What is expected
Reproduce each line of the following material exactly, omitting the images.

Information shown
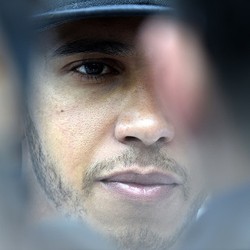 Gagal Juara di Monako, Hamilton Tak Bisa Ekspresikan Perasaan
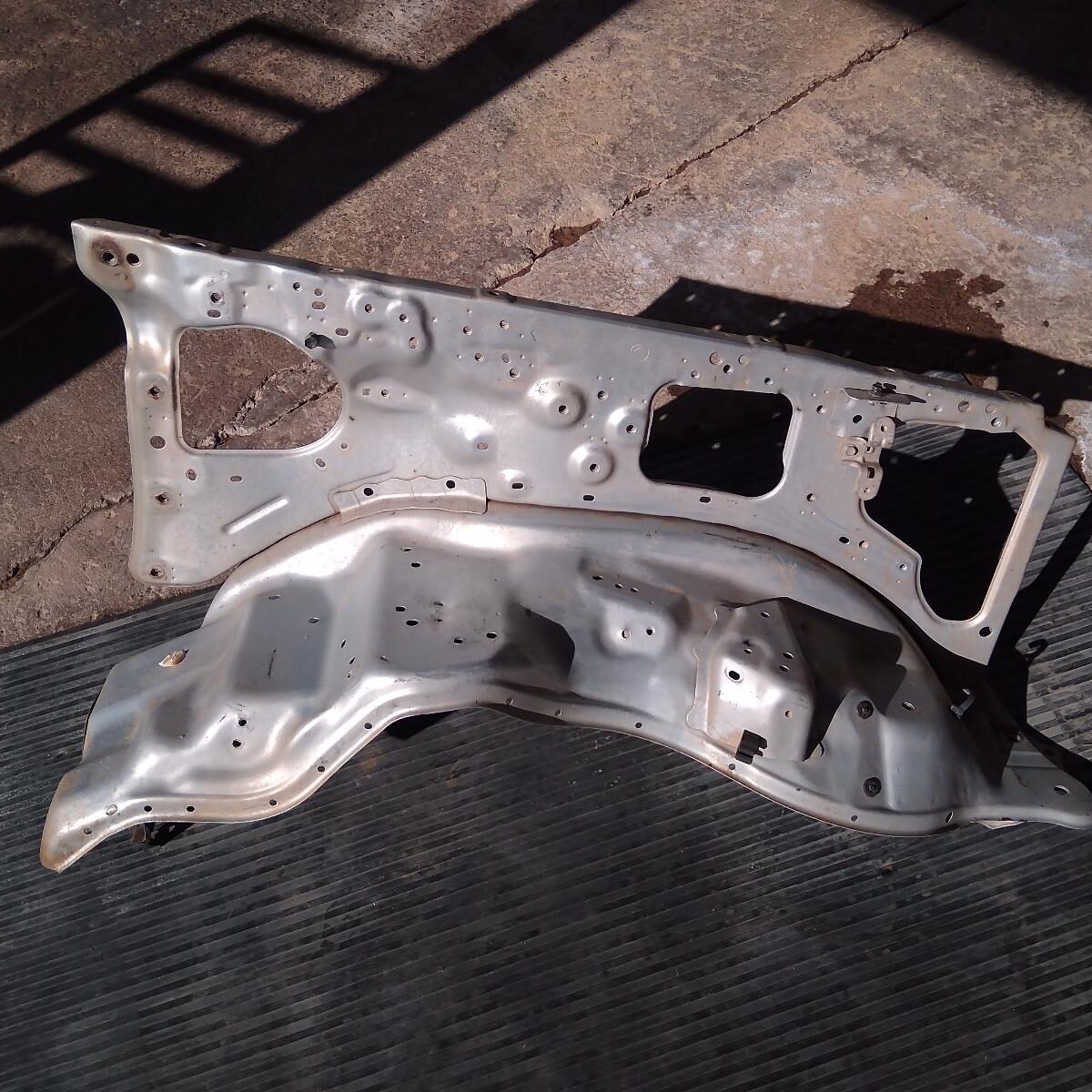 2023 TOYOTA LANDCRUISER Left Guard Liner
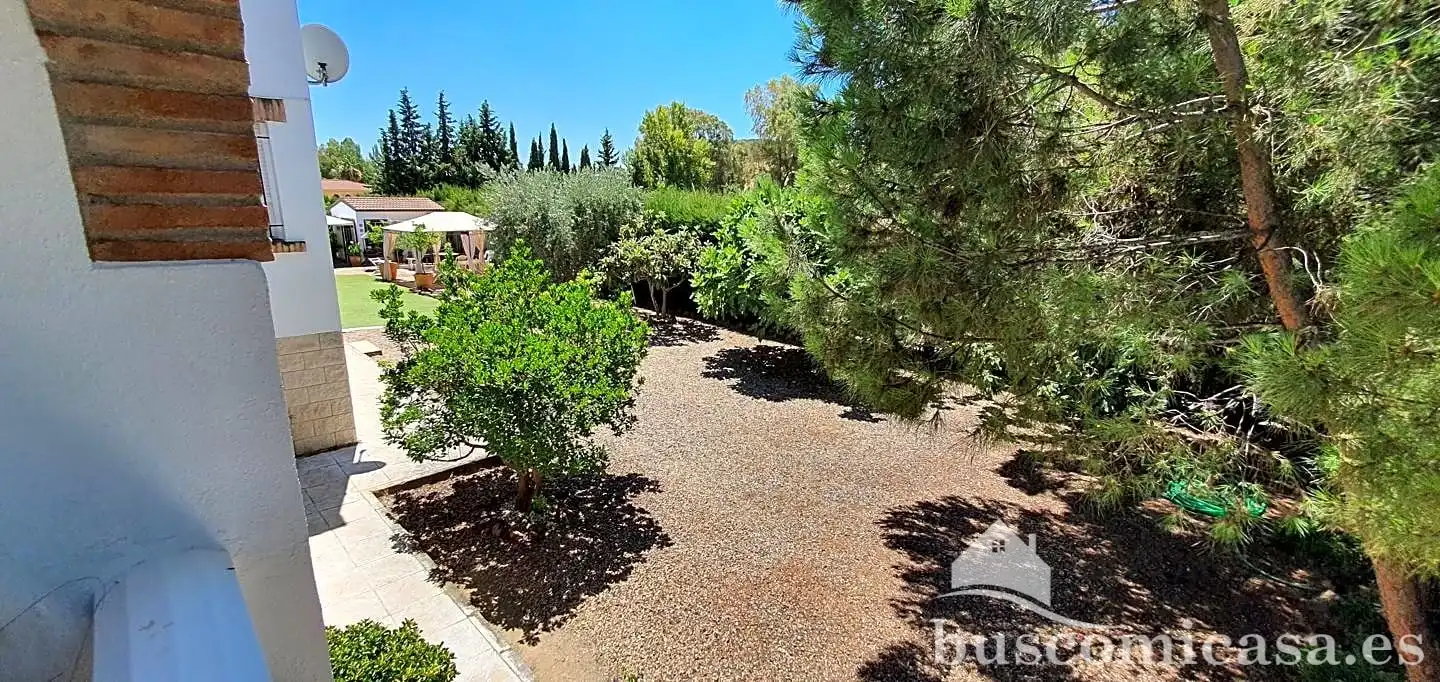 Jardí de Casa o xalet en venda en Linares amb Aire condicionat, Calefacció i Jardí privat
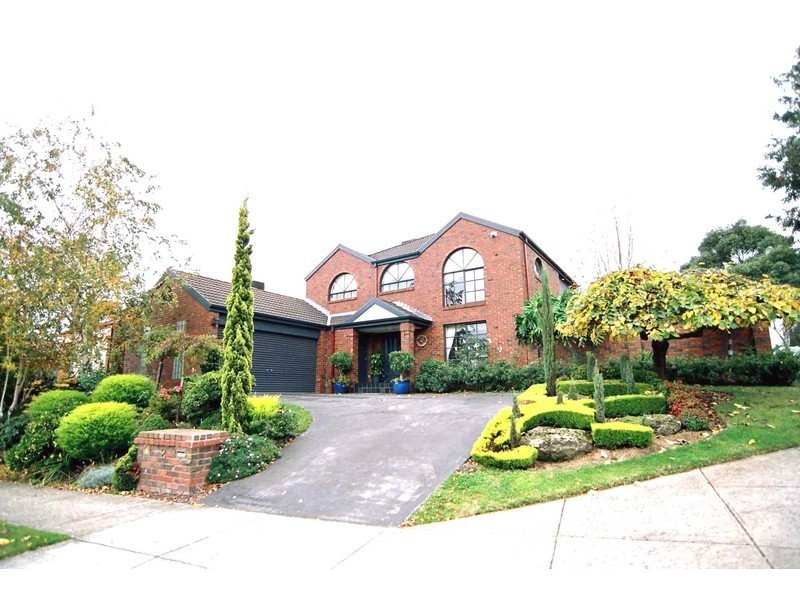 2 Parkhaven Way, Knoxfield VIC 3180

Your response
 Gagal Juara di Monako, Hamilton Tak Bisa Ekspresikan Perasaan
 2023 TOYOTA LANDCRUISER Left Guard Liner
 Jardí de Casa o xalet en venda en Linares amb Aire condicionat, Calefacció i Jardí privat
 2 Parkhaven Way, Knoxfield VIC 3180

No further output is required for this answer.